David Harris
How You Help: Igor and Tatiana: One Family’s Story of Hope
Igor and Tatiana: One Family’s Story of Hope Transcript:
Igor Bekker: I want to give them what I never had: a college education, a more dignified future.
Narrator: Igor and Tatiana live with their five children in two small rooms in Bendery, Moldova. Igor, like many Jewish parents here, is chronically unemployed as his country faces financial crisis.
Igor Bekker: My wife was in the hospital. I knew there were no jobs around here, and if I did pick up a job here or there, it still wouldn’t be enough to pay for my wife’s medicine—and I had to feed the kids.
Narrator: Government unemployment assistance is just $1 a day.
Anna Kondrashenko, Director, American Jewish Joint Distribution Committee (JDC)-Supported Hesed Tiraspol: He called to see if he could come in. I talked to him like he was my son. I wanted him to feel that we would take care of him and his kids. First and foremost for me were the kids. We try to help them in any way we can.
Narrator: Without JDC, the Bekker family can’t afford food, utilities, warm clothes, and toys.
Anna Kondrashenko: There are a lot of children like this: families with many children, poor families, kids living in high-risk situations. If Hesed does not support them, these families will not survive.
Igor: Yura is, how should I express this, he always considers his every word carefully. Roman has health issues. He understands everything, but he’s behind in his reasoning. Karina is our gentle child. Sonia is our little hostess—a helper. Sasha…what to say about Sasha? He realizes that he needs to seize the moment and climb into someone’s lap.
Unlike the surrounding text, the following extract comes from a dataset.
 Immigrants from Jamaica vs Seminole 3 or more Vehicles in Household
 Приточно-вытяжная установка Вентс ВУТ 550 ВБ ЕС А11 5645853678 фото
Narrator: Tatiana and Igor are on a waiting list for a better apartment. Some people wait 20 to 30 years.
Igor: This is communal housing, like a government dormitory. We cook in the kitchen, the common kitchen. There are two gas stoves—the oven doesn’t work. The burners turn on and off on their own. It’s scary, actually. We only have cold water. The pipes are leaking all over the place. There’s water in the hallways. The bathroom is scary, too. We fixed what we could with our own two hands to make it a little more homey for the kids, so they don’t see how the neighbors live.
Anna Kondrashenko: You can see right away that they love each other. That’s important. They take care of each other.
Igor: In the future, we [pause] … we try to live in the day that we’re living in now. We’re a family just like any family, just like you. All around the world there are families like ours. We live our life, love each other, like any family, and even though we are in a difficult situation, we try to stay positive and love each other even more.
The American Jewish Joint Distribution Committee (JDC) is one of over fifty programs and agencies funded in part by the Jewish Federation of Cincinnati.
The Jewish Federation of Cincinnati: We look at the whole picture, taking into account the diverse needs of the entire community. Together we can do almost anything.
Thanks to you and the help of our partner agencies, Yura, his parents Igor and Tatiana, and his four siblings, are better clothed, better fed, and received a few toys to play with this winter.